## WHAT YOU SHOULD DO
Copy exactly the lines of the material below that fall between the line with "Lotto Severe IN ( Black / Orange )" and the line with "Fahrzeugabbildung Mercedes-Benz S", both of those lines included; pictures stay out.

## LISTED RECORDS
------------------------------------------------
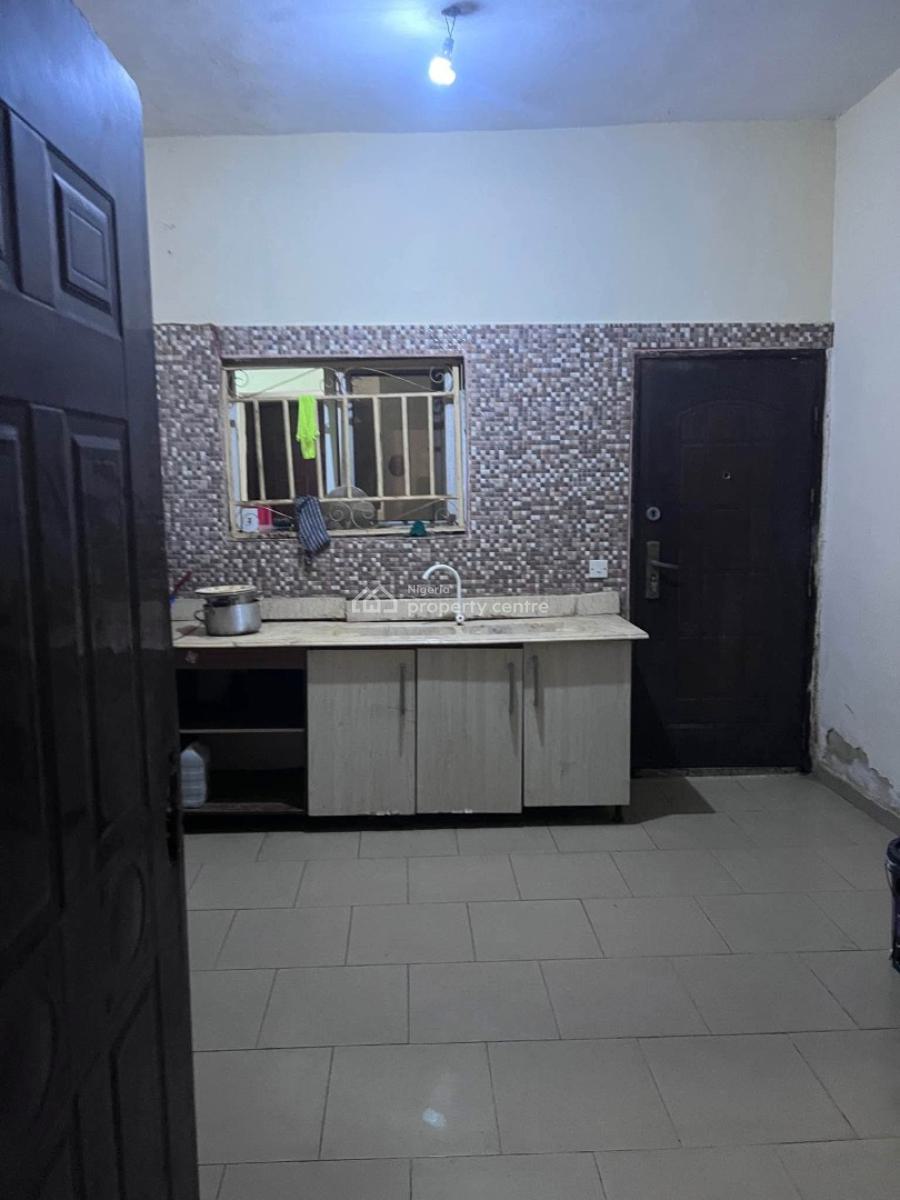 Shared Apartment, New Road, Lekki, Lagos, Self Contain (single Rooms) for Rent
------------------------------------------------
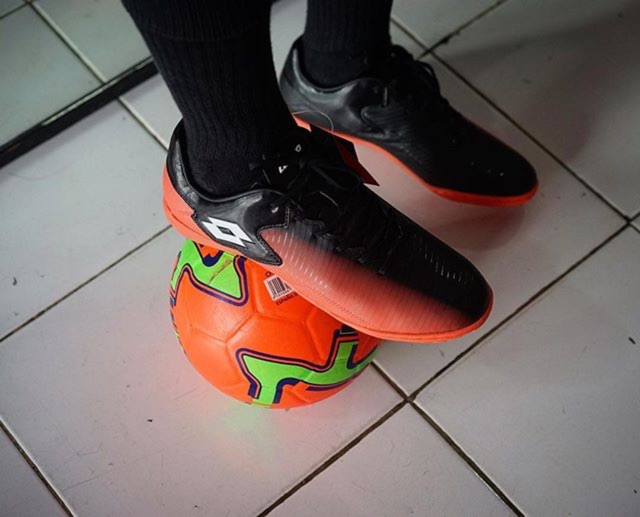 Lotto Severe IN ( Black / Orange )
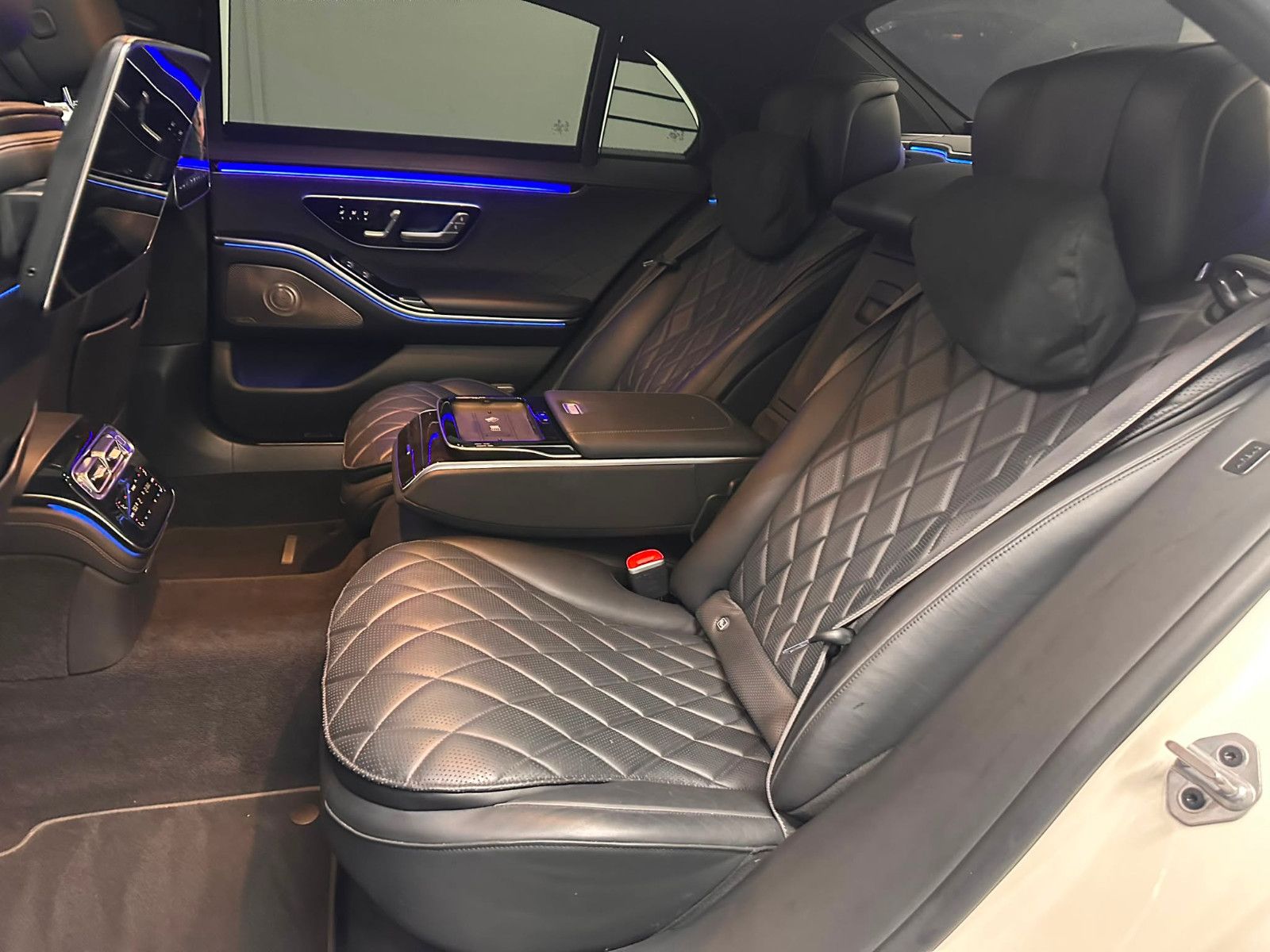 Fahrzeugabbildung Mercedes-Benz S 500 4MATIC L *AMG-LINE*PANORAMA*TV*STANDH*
------------------------------------------------
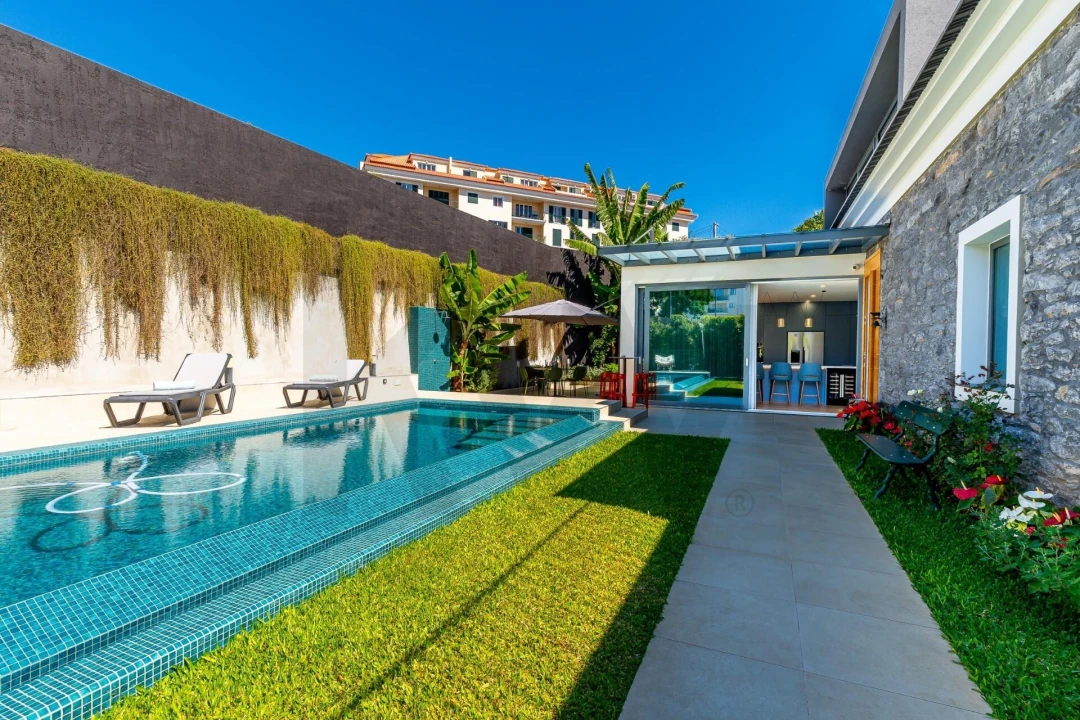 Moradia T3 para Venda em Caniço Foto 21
------------------------------------------------
## EXERCISE RESPONSE
 Lotto Severe IN ( Black / Orange )
 Fahrzeugabbildung Mercedes-Benz S 500 4MATIC L *AMG-LINE*PANORAMA*TV*STANDH*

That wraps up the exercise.